### WHAT IS EXPECTED
Below is a set of records. Repeat them verbatim without the pictures.

### RECORDS PROVIDED
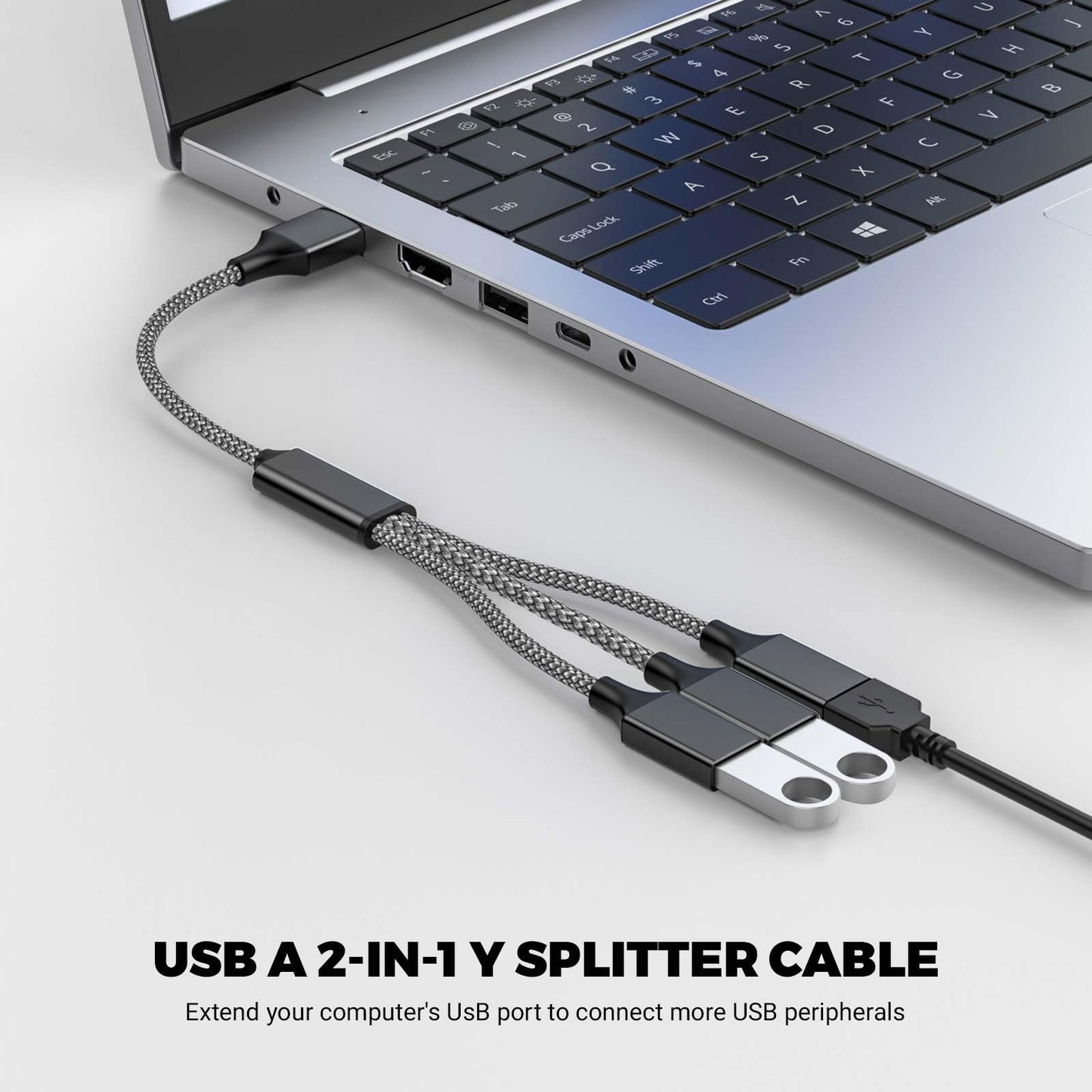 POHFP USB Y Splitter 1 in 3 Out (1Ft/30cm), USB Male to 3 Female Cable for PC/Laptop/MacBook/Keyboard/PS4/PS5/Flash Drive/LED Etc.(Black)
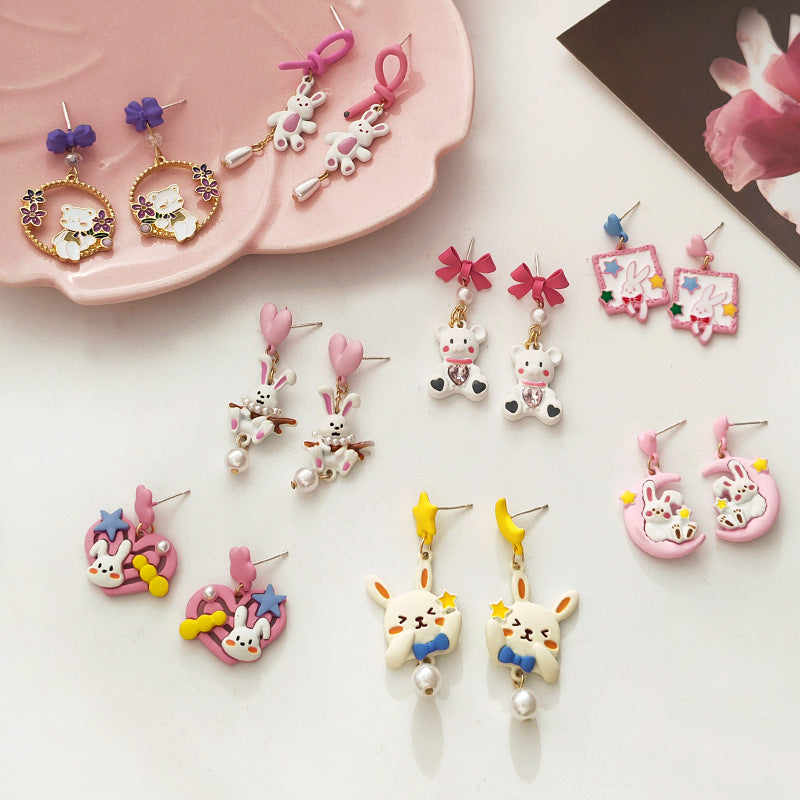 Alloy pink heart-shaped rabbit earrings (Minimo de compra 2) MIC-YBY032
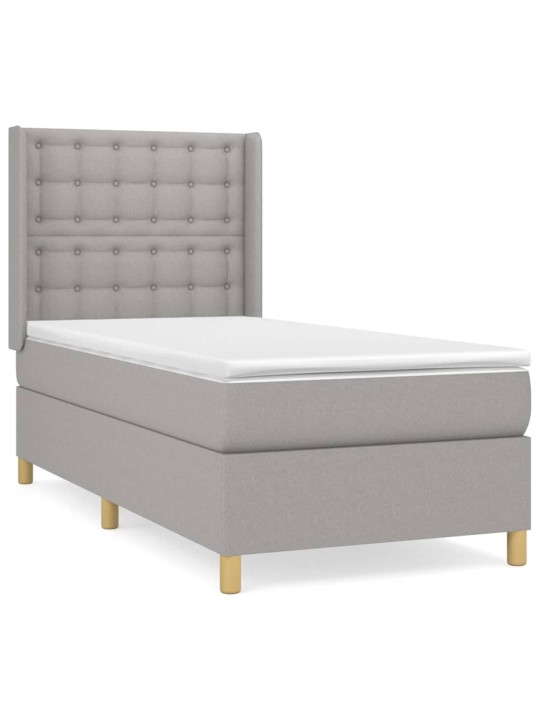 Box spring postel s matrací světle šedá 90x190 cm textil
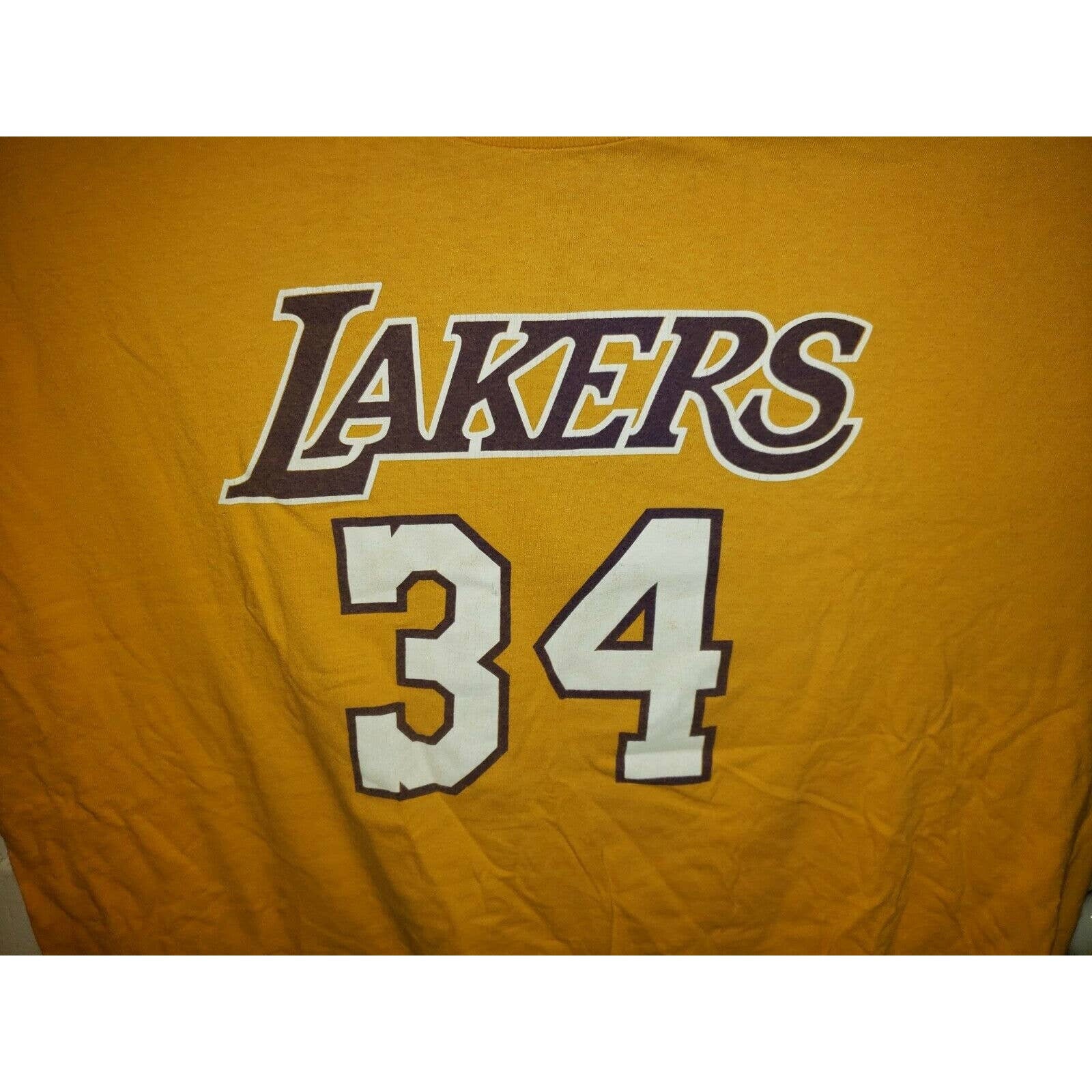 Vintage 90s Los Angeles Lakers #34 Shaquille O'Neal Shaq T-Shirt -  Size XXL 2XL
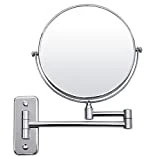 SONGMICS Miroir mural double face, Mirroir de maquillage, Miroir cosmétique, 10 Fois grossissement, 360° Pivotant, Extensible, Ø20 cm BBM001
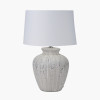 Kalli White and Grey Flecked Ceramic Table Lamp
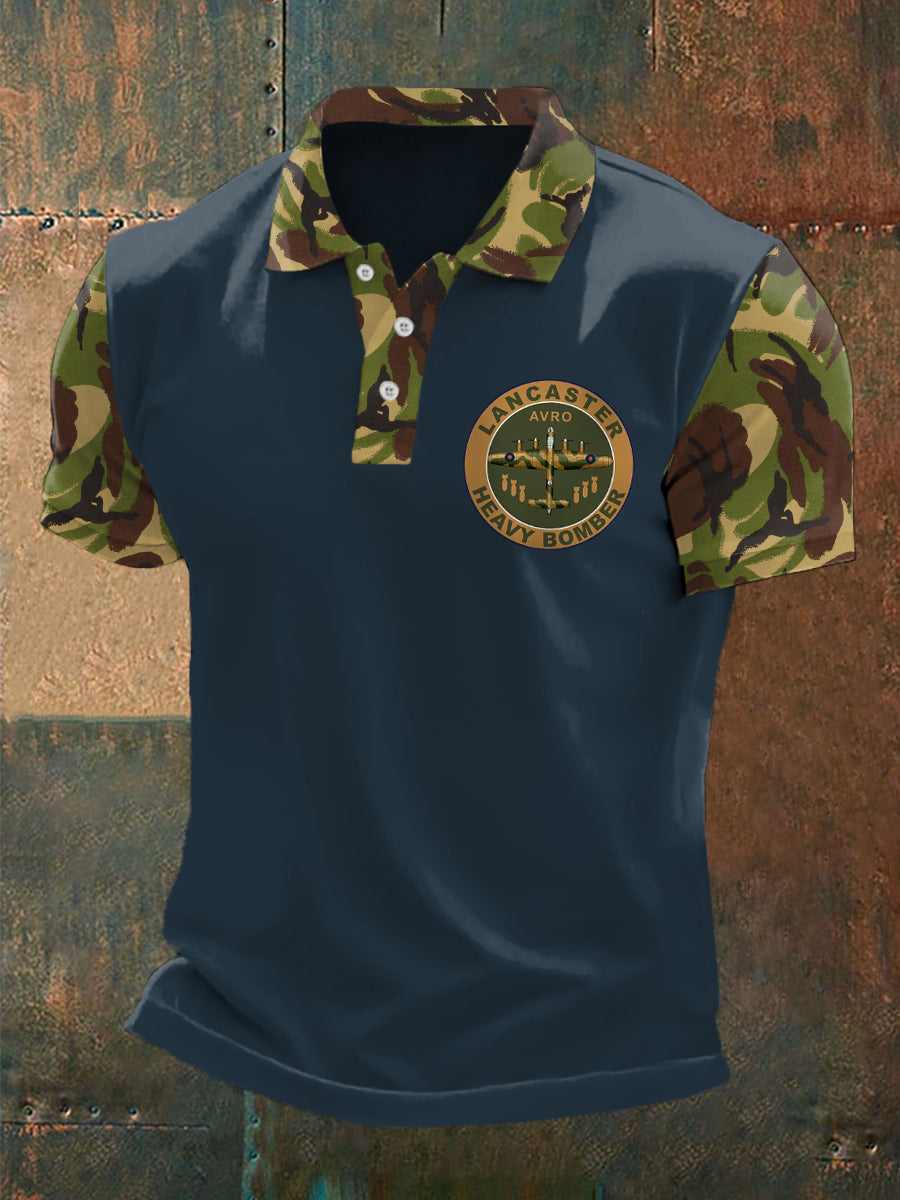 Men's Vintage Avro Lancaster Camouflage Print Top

### EXERCISE RESPONSE
 POHFP USB Y Splitter 1 in 3 Out (1Ft/30cm), USB Male to 3 Female Cable for PC/Laptop/MacBook/Keyboard/PS4/PS5/Flash Drive/LED Etc.(Black)
 Alloy pink heart-shaped rabbit earrings (Minimo de compra 2) MIC-YBY032
 Box spring postel s matrací světle šedá 90x190 cm textil
 Vintage 90s Los Angeles Lakers #34 Shaquille O'Neal Shaq T-Shirt -  Size XXL 2XL
 SONGMICS Miroir mural double face, Mirroir de maquillage, Miroir cosmétique, 10 Fois grossissement, 360° Pivotant, Extensible, Ø20 cm BBM001
 Kalli White and Grey Flecked Ceramic Table Lamp
 Men's Vintage Avro Lancaster Camouflage Print Top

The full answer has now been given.